▶ _TASK BRIEF_:
The required output is the lines below from the line containing "Vayalar A Romantic Poet - G. Devarajan" to the line containing "06_02_MY AUTOS 塑膠水杯(KE4A_200ML)", inclusive, retyped exactly. No other lines belong in it.

▶ _THE INPUT_:
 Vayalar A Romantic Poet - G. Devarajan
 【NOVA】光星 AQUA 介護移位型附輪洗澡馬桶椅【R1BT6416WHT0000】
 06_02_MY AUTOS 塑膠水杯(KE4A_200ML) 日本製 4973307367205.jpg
...
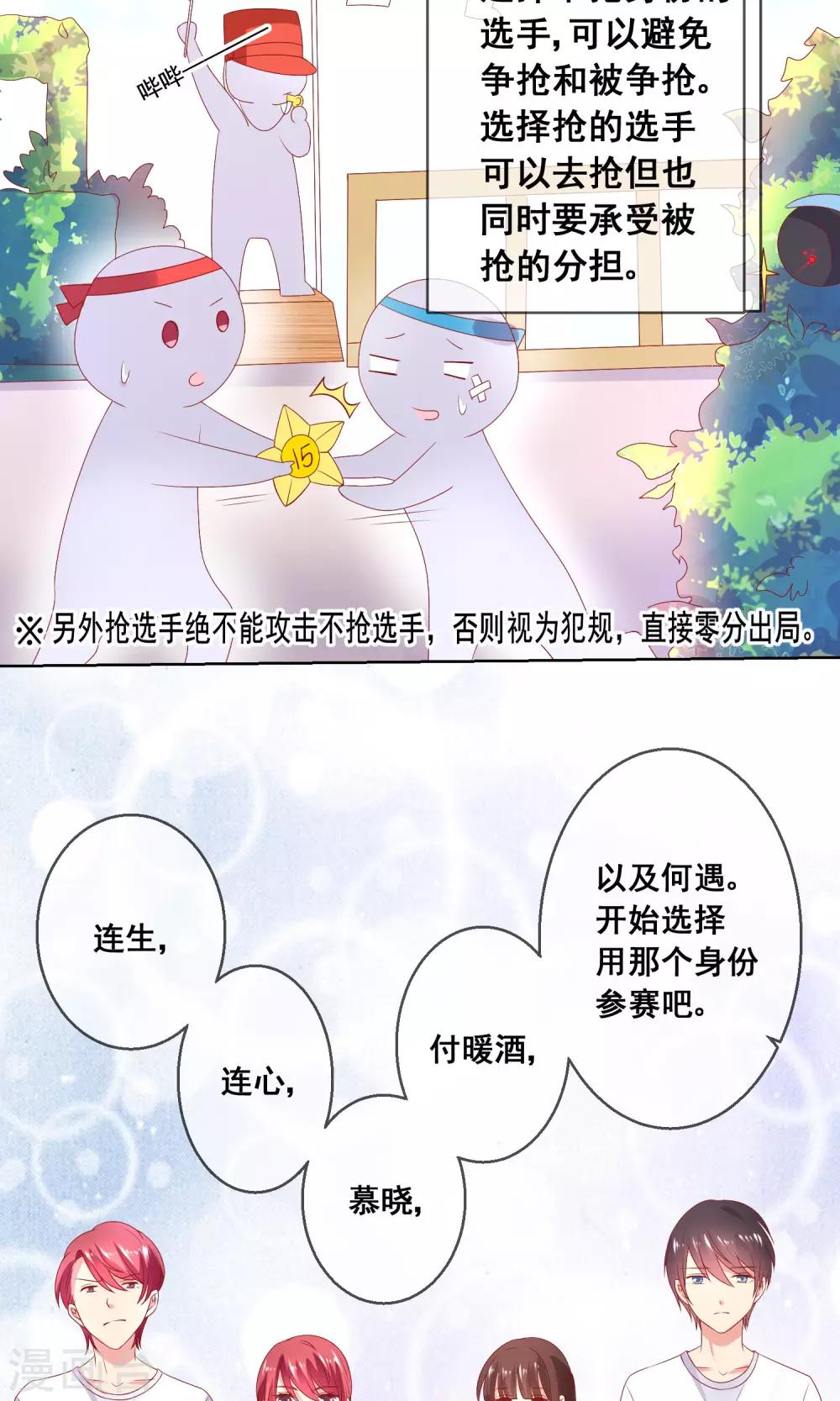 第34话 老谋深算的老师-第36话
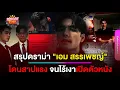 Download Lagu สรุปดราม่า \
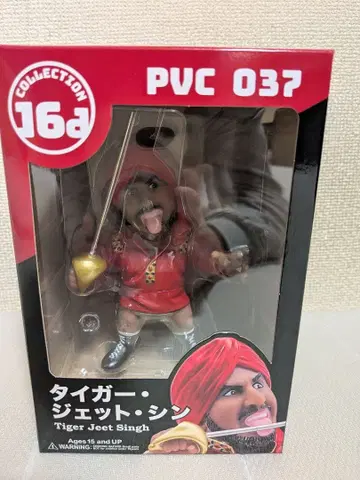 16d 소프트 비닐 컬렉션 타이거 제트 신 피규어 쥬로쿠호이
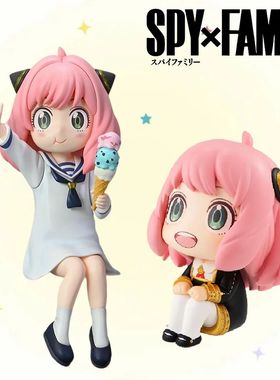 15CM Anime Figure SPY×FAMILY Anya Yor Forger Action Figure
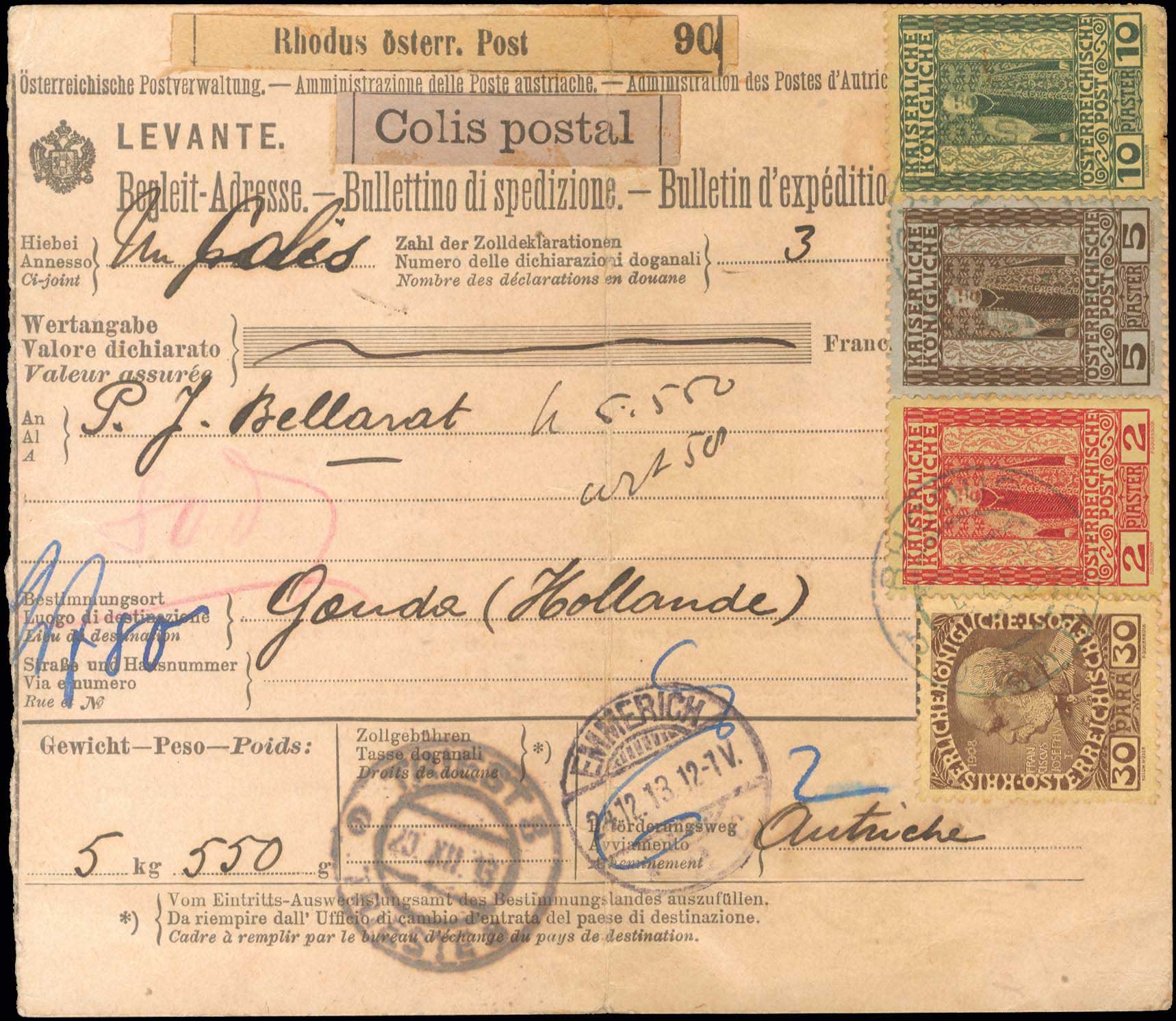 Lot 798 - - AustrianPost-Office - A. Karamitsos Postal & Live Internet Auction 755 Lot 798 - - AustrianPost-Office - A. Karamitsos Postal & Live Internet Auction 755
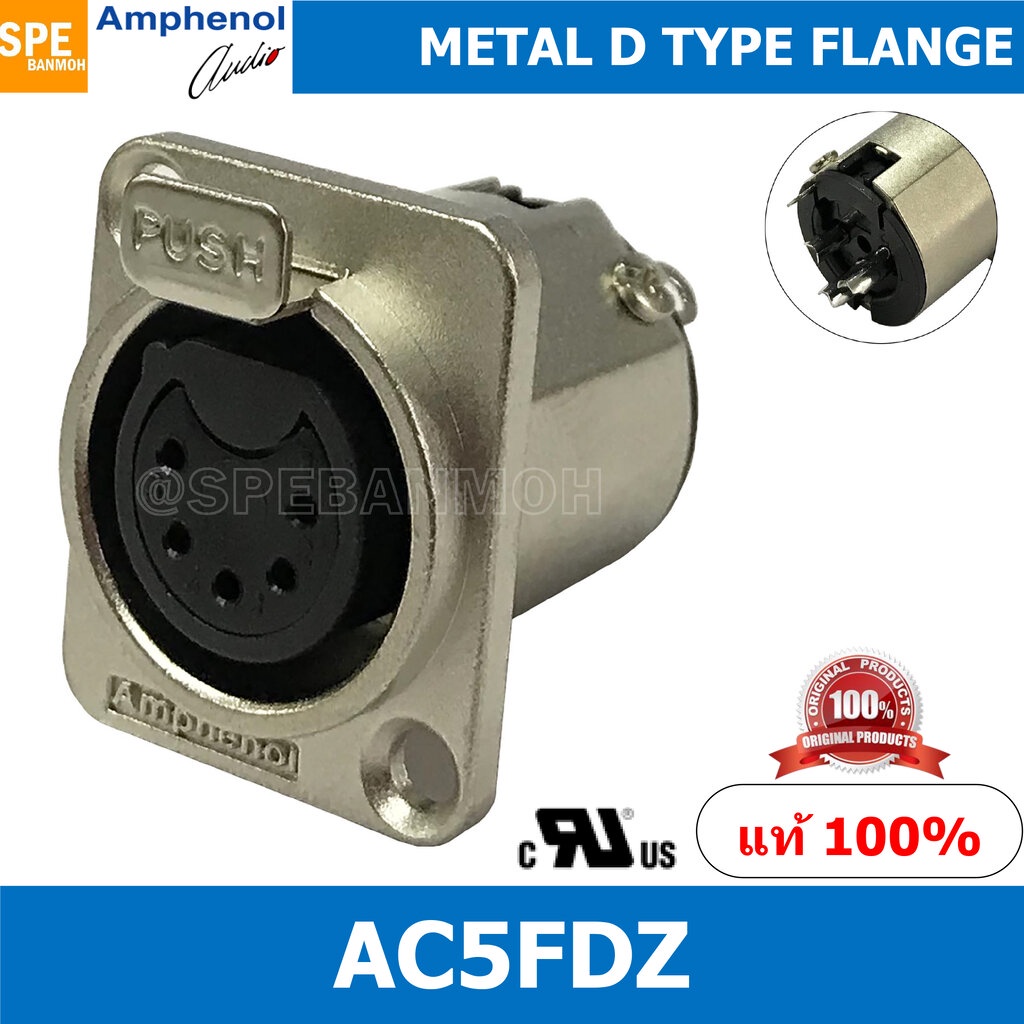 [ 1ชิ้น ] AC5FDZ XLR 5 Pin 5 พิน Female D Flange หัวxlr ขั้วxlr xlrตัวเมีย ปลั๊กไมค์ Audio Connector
---
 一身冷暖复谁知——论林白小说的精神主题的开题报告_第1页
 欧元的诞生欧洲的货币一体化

▶ _RESPONSE AREA_:
 Vayalar A Romantic Poet - G. Devarajan
 【NOVA】光星 AQUA 介護移位型附輪洗澡馬桶椅【R1BT6416WHT0000】
 06_02_MY AUTOS 塑膠水杯(KE4A_200ML) 日本製 4973307367205.jpg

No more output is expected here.